Oggi ho accompagnato, come di consueto, mia madre al cimitero per portare il quotidiano saluto sulla tomba di mio padre. Mia madre arriva, si pone davanti alla foto di lui, e mentre io sto cambiando l’acqua ai fiori, lei lo saluta. Lo fa in maniera delicata, intima, lasciando trasparire l’amore e il sentimento che l’ha unita una vita intera a quell’uomo che da due anni e mezzo non c’è più.

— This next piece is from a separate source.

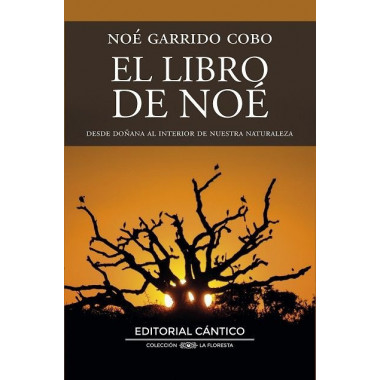 EL LIBRO DE NOE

Durante il tragitto di ritorno però, qualcosa è cambiato rispetto agli altri giorni e abbiamo incominciato a parlare di quando ero piccola. È stato strano per me riportare la memoria a quei momenti non richiamati direttamente da me, ma raccontati attraverso le parole di mia madre. All’improvviso, è come se fossi stata inondata da una dolorosa malinconia che arrivava dall’aver visto nitidamente la sofferenza di mia madre. Una sofferenza che mi è arrivata come uno” schiaffo” in pieno volto nel vedere il suo rammarico e senso di colpa per ciò che avrebbe potuto essere e non è stato. I miei genitori hanno trascorso tutta la loro vita a lavorare per assicurare a noi quattro figlie un certo futuro economico, ma per farlo, hanno dovuto sacrificare il loro tempo da trascorrere con noi. Io e le mie sorelle, siamo state cresciute dalla nonna paterna che è stata la classica nonna matriarcale che dettava legge in modo severo e autoritario e che, purtroppo, ne sono consapevole solo ultimamente, soffriva di un disturbo dell’alimentazione. Ricordo ancora vivamente il cibo nascosto negli armadi della sua camera dove si chiudeva a chiave per mangiare senza essere vista e sgridata per le conseguenze che allora si credeva fossero solo legate al diabete.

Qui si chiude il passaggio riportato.